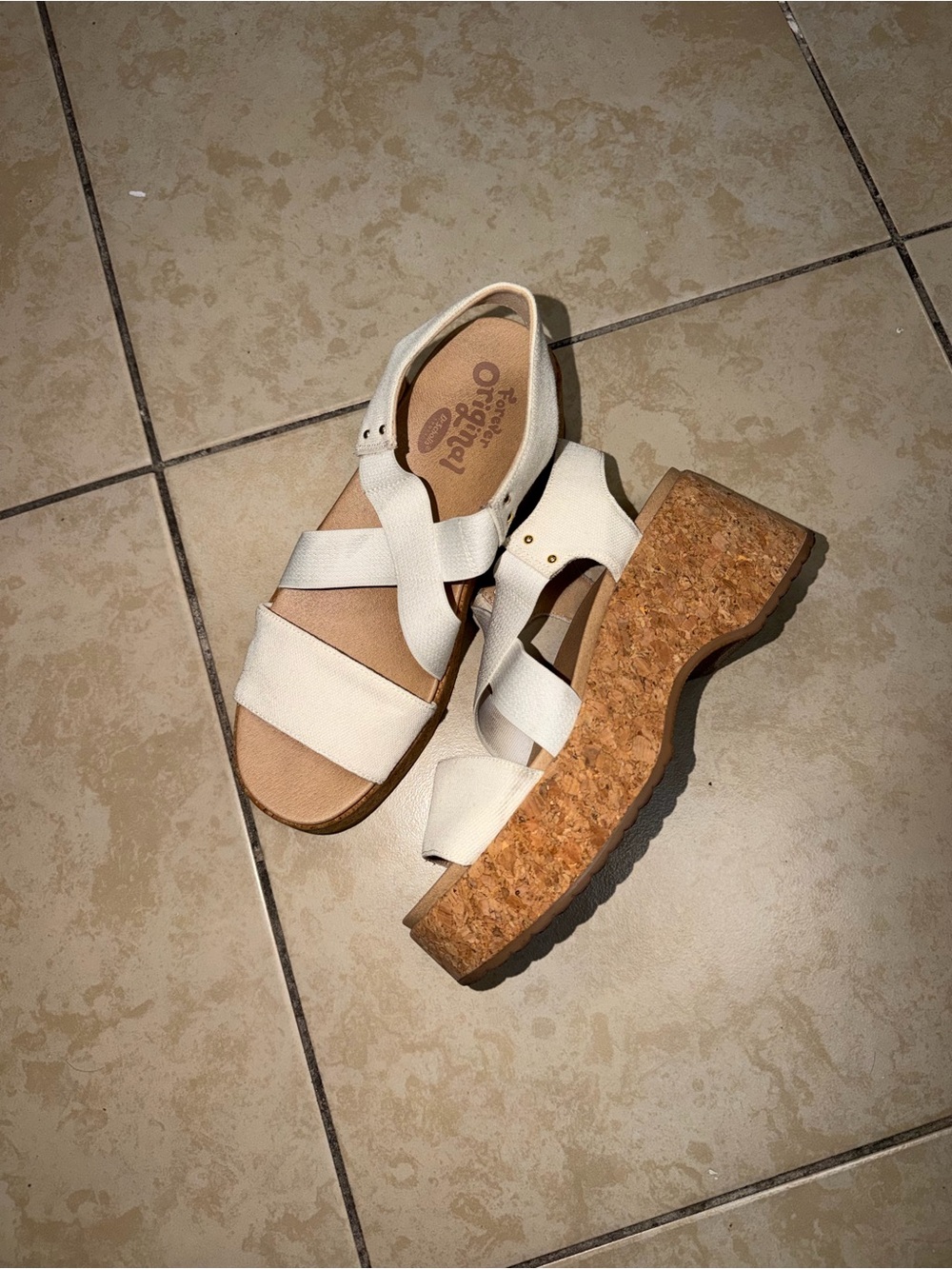 Cream Strappy Cork Platform Sandals
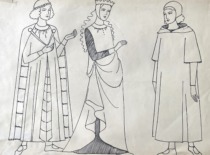 13th century clothing. Drawing by M. Matu&scaron;akaitė, 1981. (the original drawing is at KTU Museum)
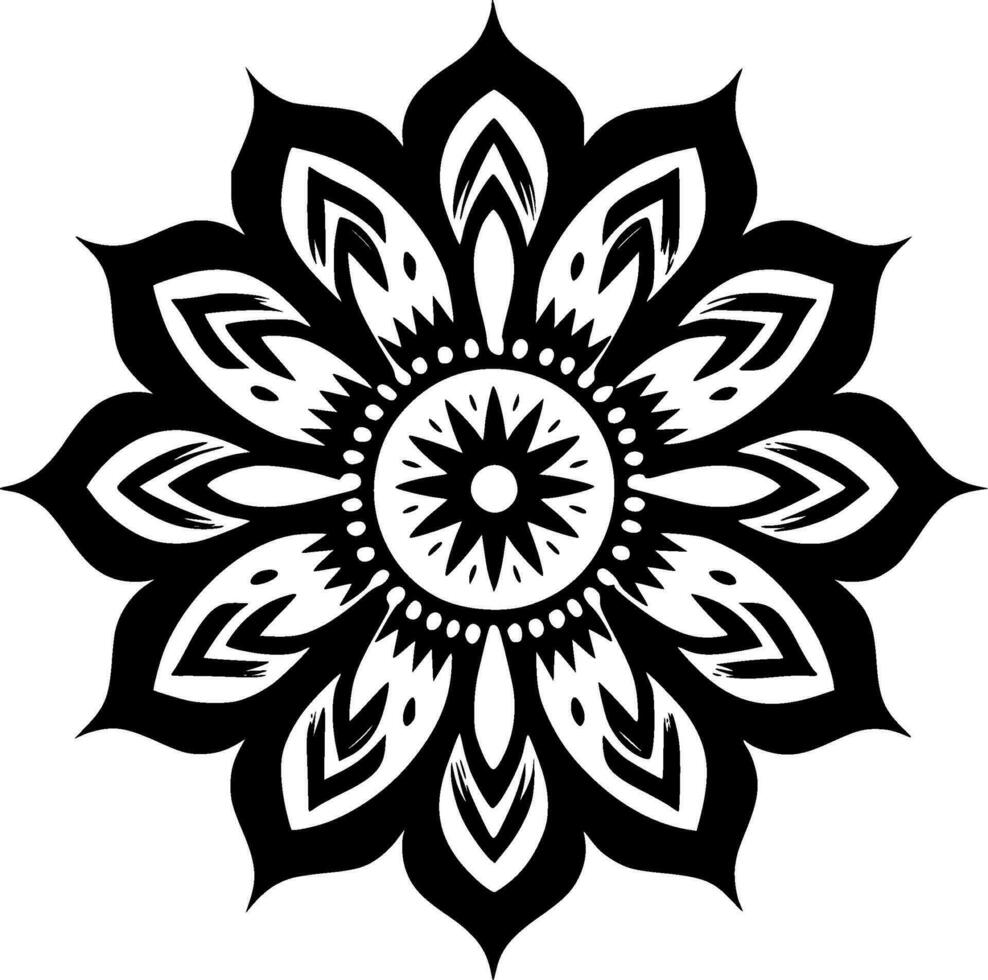 mandala - negro y blanco aislado icono - vector ilustración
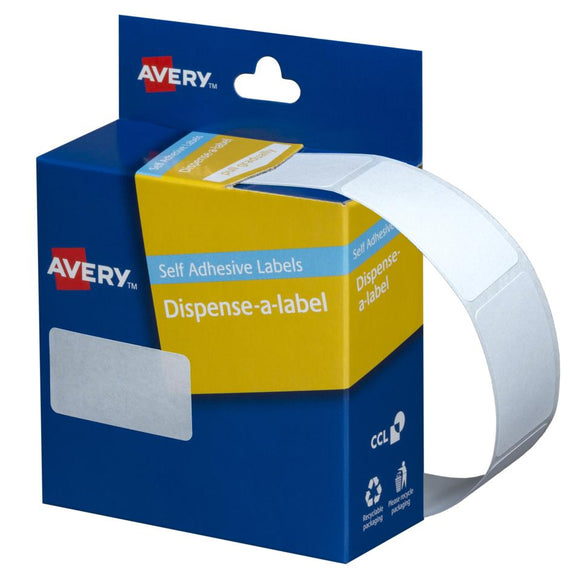 Avery White Rectangle Dispenser Stickers, 38 x 24 mm, 380 Labels, Handwritable (937220)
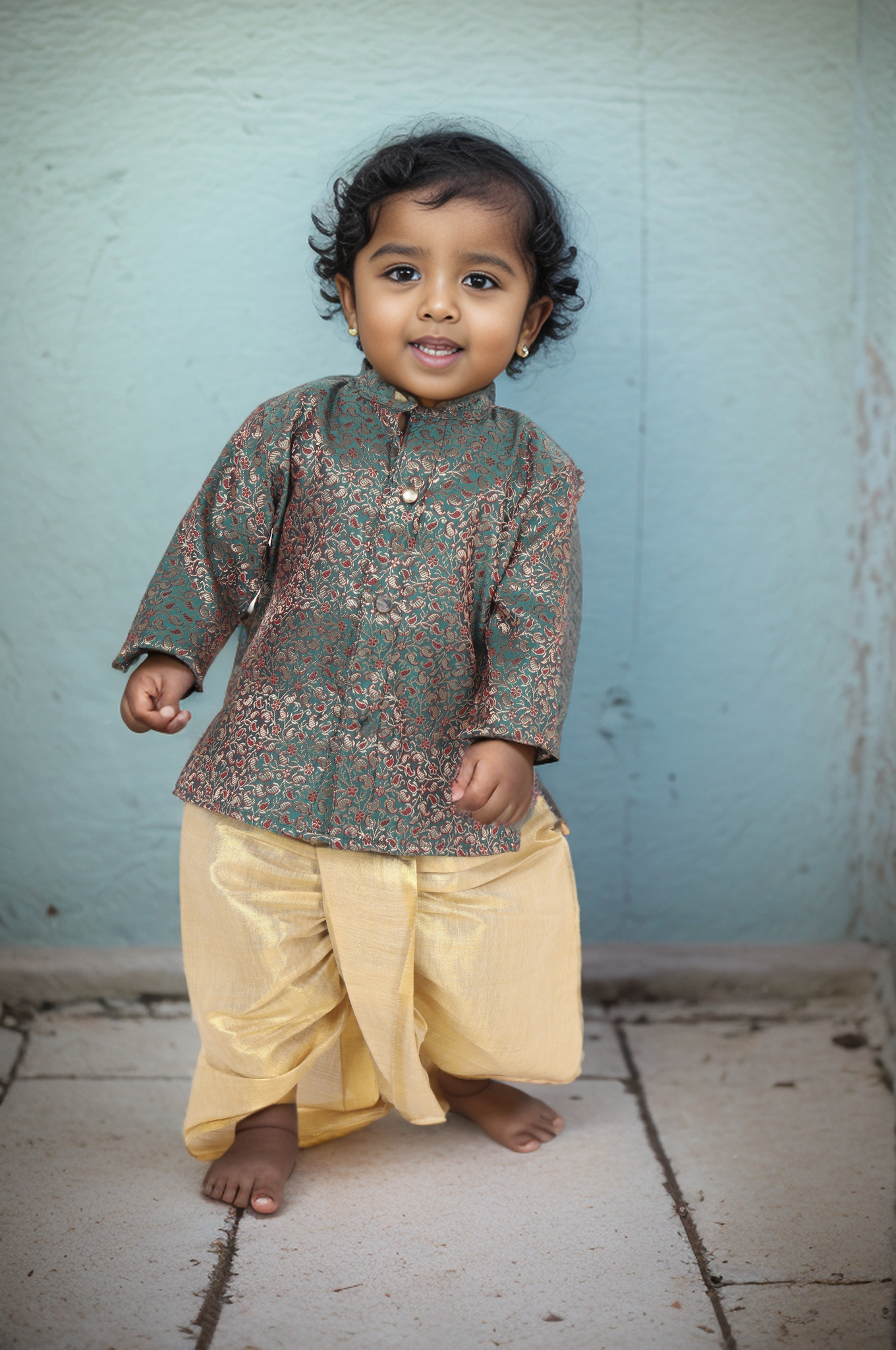 Steel blue with gold shade kurta dhoti ethnic wear for baby boy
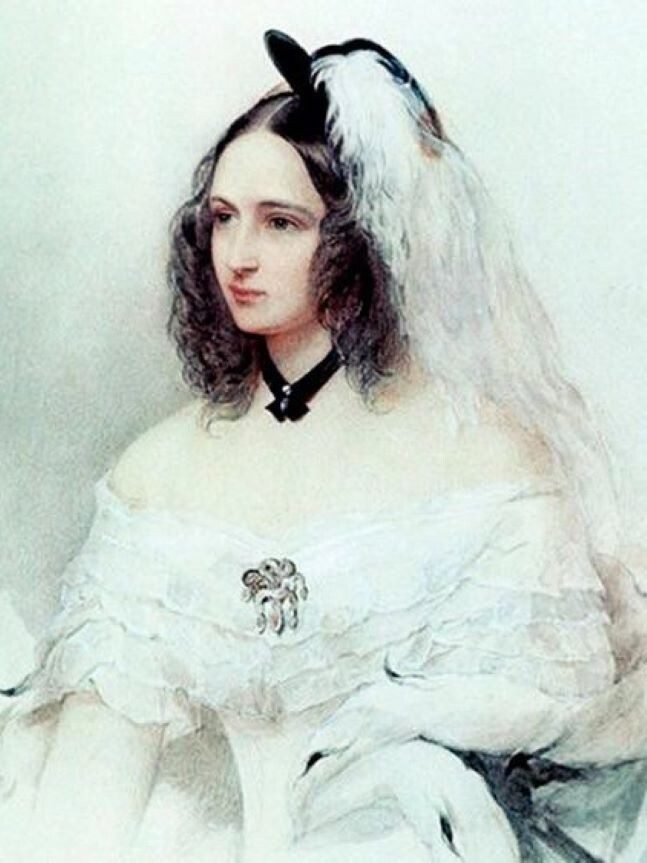 Портрет Натальи Николаевны Пушкиной, урожденной Гончаровой. Худ. В. Гау.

····················

YOUR OBJECTIVE: Give back exactly the run of lines that opens the material above and ends at the line with "mandala - negro". Omit the pictures.

TASK RESPONSE:
 Cream Strappy Cork Platform Sandals
 13th century clothing. Drawing by M. Matu&scaron;akaitė, 1981. (the original drawing is at KTU Museum)
 mandala - negro y blanco aislado icono - vector ilustración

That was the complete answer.